> [Problem to solve]:
Line by line, copy out the data that follows.

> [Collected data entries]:
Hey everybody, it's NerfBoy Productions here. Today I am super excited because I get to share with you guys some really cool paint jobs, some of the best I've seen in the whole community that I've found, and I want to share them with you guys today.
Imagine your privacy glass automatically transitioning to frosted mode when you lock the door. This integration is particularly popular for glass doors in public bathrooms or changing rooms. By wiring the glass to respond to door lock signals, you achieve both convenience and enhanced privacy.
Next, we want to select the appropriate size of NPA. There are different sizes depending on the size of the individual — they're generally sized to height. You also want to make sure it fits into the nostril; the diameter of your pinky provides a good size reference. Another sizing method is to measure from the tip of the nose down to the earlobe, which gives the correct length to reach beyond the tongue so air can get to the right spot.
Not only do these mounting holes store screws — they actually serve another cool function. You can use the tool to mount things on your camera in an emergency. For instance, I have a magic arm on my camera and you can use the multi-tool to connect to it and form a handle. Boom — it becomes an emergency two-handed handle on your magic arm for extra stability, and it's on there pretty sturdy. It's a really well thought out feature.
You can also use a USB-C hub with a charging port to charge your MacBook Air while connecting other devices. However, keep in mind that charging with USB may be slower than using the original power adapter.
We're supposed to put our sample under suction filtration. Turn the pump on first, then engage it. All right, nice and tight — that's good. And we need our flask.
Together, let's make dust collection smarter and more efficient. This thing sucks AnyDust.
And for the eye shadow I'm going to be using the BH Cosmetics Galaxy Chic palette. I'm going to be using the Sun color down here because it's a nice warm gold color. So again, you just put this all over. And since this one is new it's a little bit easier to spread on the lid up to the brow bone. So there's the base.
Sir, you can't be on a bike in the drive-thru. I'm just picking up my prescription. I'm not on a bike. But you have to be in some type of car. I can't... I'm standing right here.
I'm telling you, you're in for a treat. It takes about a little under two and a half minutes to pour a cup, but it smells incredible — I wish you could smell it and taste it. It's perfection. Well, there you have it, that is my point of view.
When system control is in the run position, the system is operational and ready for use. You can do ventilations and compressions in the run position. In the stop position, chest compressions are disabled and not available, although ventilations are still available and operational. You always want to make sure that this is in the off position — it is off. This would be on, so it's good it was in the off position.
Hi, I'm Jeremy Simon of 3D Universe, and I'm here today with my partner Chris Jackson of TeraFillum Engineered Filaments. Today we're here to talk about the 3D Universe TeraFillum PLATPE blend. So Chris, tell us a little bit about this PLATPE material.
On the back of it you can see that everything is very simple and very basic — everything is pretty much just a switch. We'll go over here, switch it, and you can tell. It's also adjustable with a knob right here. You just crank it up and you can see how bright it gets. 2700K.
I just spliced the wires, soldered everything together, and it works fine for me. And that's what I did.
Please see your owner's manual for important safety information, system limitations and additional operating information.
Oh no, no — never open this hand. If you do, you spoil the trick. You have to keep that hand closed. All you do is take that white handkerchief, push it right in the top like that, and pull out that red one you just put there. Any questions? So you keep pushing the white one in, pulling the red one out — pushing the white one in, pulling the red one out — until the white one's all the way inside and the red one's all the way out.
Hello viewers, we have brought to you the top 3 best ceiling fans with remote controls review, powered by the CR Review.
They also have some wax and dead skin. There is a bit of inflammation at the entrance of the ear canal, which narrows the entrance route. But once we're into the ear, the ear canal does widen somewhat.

> [Reply]:
Hey everybody, it's NerfBoy Productions here. Today I am super excited because I get to share with you guys some really cool paint jobs, some of the best I've seen in the whole community that I've found, and I want to share them with you guys today.
Imagine your privacy glass automatically transitioning to frosted mode when you lock the door. This integration is particularly popular for glass doors in public bathrooms or changing rooms. By wiring the glass to respond to door lock signals, you achieve both convenience and enhanced privacy.
Next, we want to select the appropriate size of NPA. There are different sizes depending on the size of the individual — they're generally sized to height. You also want to make sure it fits into the nostril; the diameter of your pinky provides a good size reference. Another sizing method is to measure from the tip of the nose down to the earlobe, which gives the correct length to reach beyond the tongue so air can get to the right spot.
Not only do these mounting holes store screws — they actually serve another cool function. You can use the tool to mount things on your camera in an emergency. For instance, I have a magic arm on my camera and you can use the multi-tool to connect to it and form a handle. Boom — it becomes an emergency two-handed handle on your magic arm for extra stability, and it's on there pretty sturdy. It's a really well thought out feature.
You can also use a USB-C hub with a charging port to charge your MacBook Air while connecting other devices. However, keep in mind that charging with USB may be slower than using the original power adapter.
We're supposed to put our sample under suction filtration. Turn the pump on first, then engage it. All right, nice and tight — that's good. And we need our flask.
Together, let's make dust collection smarter and more efficient. This thing sucks AnyDust.
And for the eye shadow I'm going to be using the BH Cosmetics Galaxy Chic palette. I'm going to be using the Sun color down here because it's a nice warm gold color. So again, you just put this all over. And since this one is new it's a little bit easier to spread on the lid up to the brow bone. So there's the base.
Sir, you can't be on a bike in the drive-thru. I'm just picking up my prescription. I'm not on a bike. But you have to be in some type of car. I can't... I'm standing right here.
I'm telling you, you're in for a treat. It takes about a little under two and a half minutes to pour a cup, but it smells incredible — I wish you could smell it and taste it. It's perfection. Well, there you have it, that is my point of view.
When system control is in the run position, the system is operational and ready for use. You can do ventilations and compressions in the run position. In the stop position, chest compressions are disabled and not available, although ventilations are still available and operational. You always want to make sure that this is in the off position — it is off. This would be on, so it's good it was in the off position.
Hi, I'm Jeremy Simon of 3D Universe, and I'm here today with my partner Chris Jackson of TeraFillum Engineered Filaments. Today we're here to talk about the 3D Universe TeraFillum PLATPE blend. So Chris, tell us a little bit about this PLATPE material.
On the back of it you can see that everything is very simple and very basic — everything is pretty much just a switch. We'll go over here, switch it, and you can tell. It's also adjustable with a knob right here. You just crank it up and you can see how bright it gets. 2700K.
I just spliced the wires, soldered everything together, and it works fine for me. And that's what I did.
Please see your owner's manual for important safety information, system limitations and additional operating information.
Oh no, no — never open this hand. If you do, you spoil the trick. You have to keep that hand closed. All you do is take that white handkerchief, push it right in the top like that, and pull out that red one you just put there. Any questions? So you keep pushing the white one in, pulling the red one out — pushing the white one in, pulling the red one out — until the white one's all the way inside and the red one's all the way out.
Hello viewers, we have brought to you the top 3 best ceiling fans with remote controls review, powered by the CR Review.
They also have some wax and dead skin. There is a bit of inflammation at the entrance of the ear canal, which narrows the entrance route. But once we're into the ear, the ear canal does widen somewhat.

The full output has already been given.